**Problem description**: Return the following data exactly, with all pictures left out.

**Available data**:
____________________

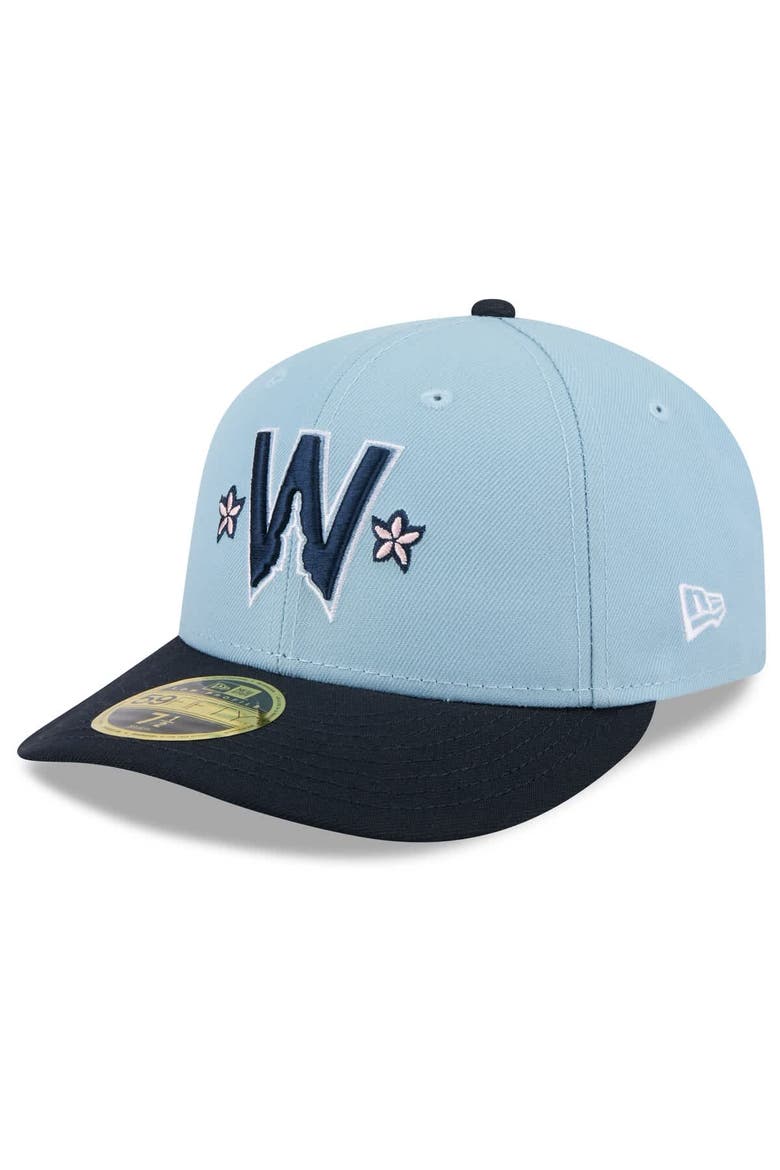 Men's New Era Light Blue/Navy Washington Nationals 2025 City Connect Low Profile 59FIFTY Fitted Hat, Main, color, Light Blue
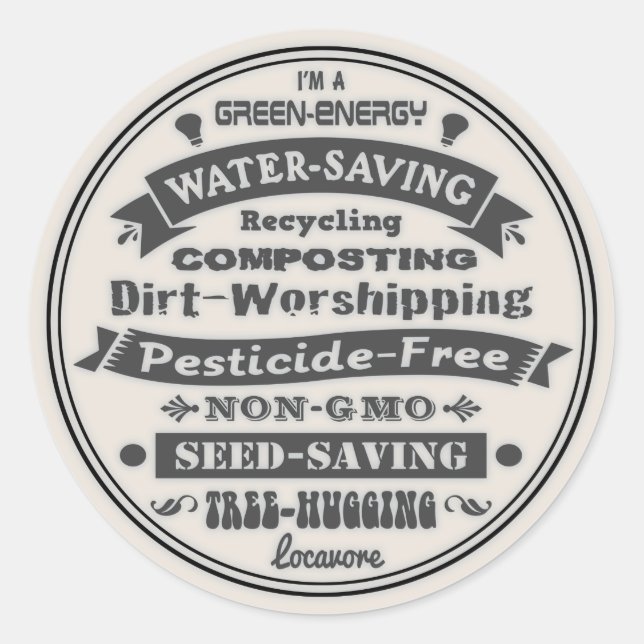 Adesivo Eu sou um Verde (Frente)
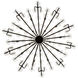 Wildflower 15 Light 40 inch Matte Black Chandelier Ceiling Light, Smithsonian Collaboration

____________________

**Exercise result**:
 Men's New Era Light Blue/Navy Washington Nationals 2025 City Connect Low Profile 59FIFTY Fitted Hat, Main, color, Light Blue
 Adesivo Eu sou um Verde (Frente)
 Wildflower 15 Light 40 inch Matte Black Chandelier Ceiling Light, Smithsonian Collaboration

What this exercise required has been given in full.